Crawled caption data

▽

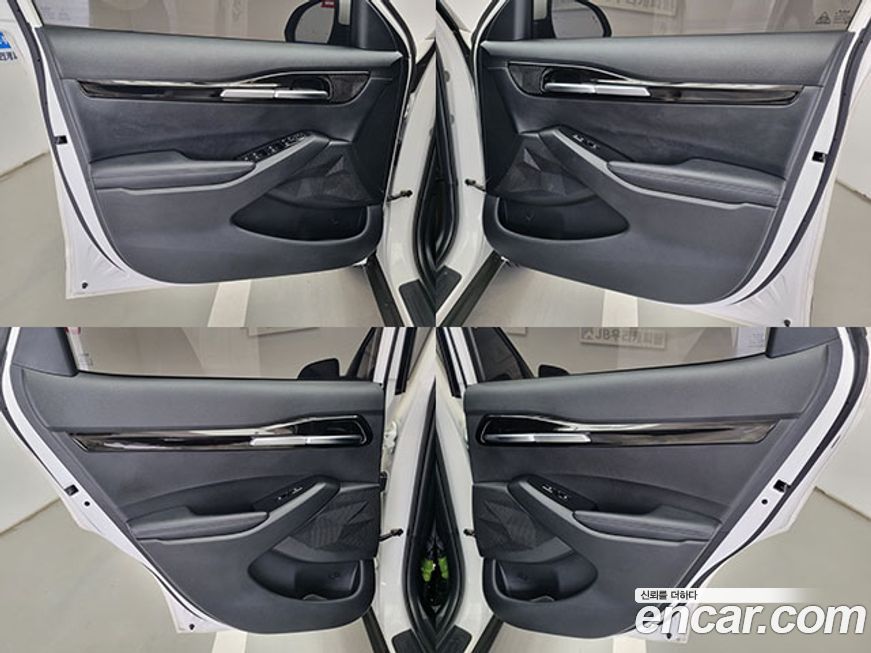 Kia Seltos 2023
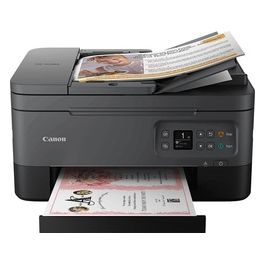 PIXMA TS7450a Stampante Multifunzione ad inchiostro A4 4800x1200 DPI Wi-Fi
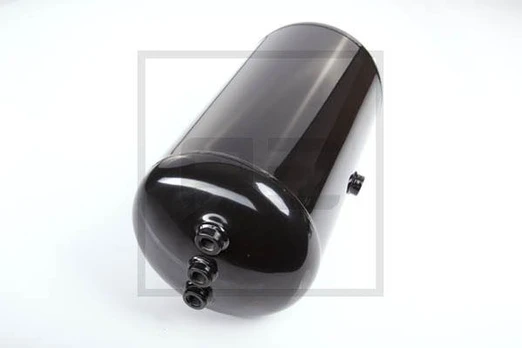 oro talpykla, suspausto oro sistema 036.368-80A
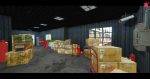 Ls Port Warehouse MLO FiveM Warehouse MLO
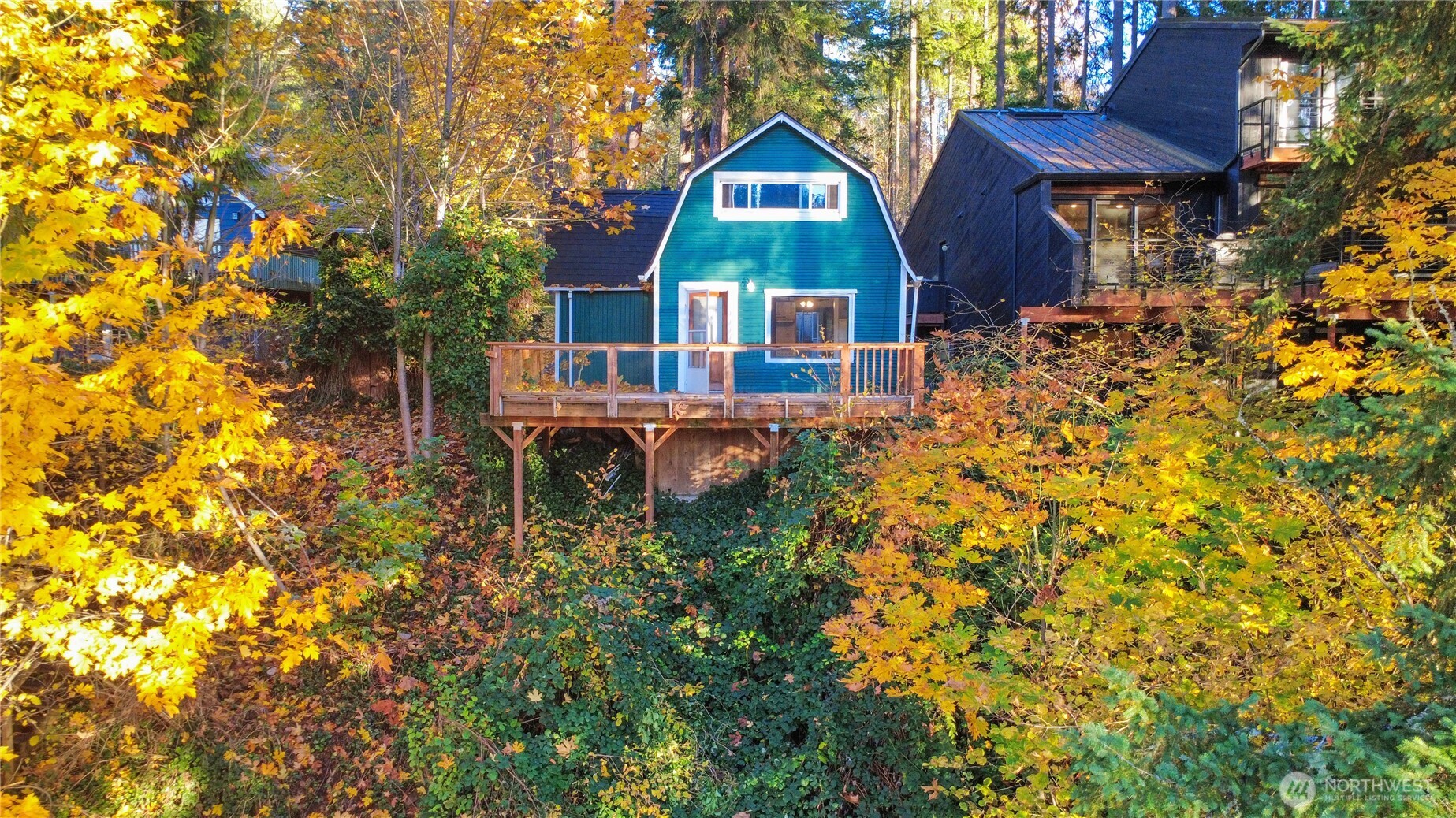 40424 Ski Park Road E Eatonville WA 98328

△

● **Your assignment**:
Retype the records exactly. Any image in them should not appear in what you write.

● **Output for this task**:
 Kia Seltos 2023
 PIXMA TS7450a Stampante Multifunzione ad inchiostro A4 4800x1200 DPI Wi-Fi
 oro talpykla, suspausto oro sistema 036.368-80A
 Ls Port Warehouse MLO FiveM Warehouse MLO
 40424 Ski Park Road E Eatonville WA 98328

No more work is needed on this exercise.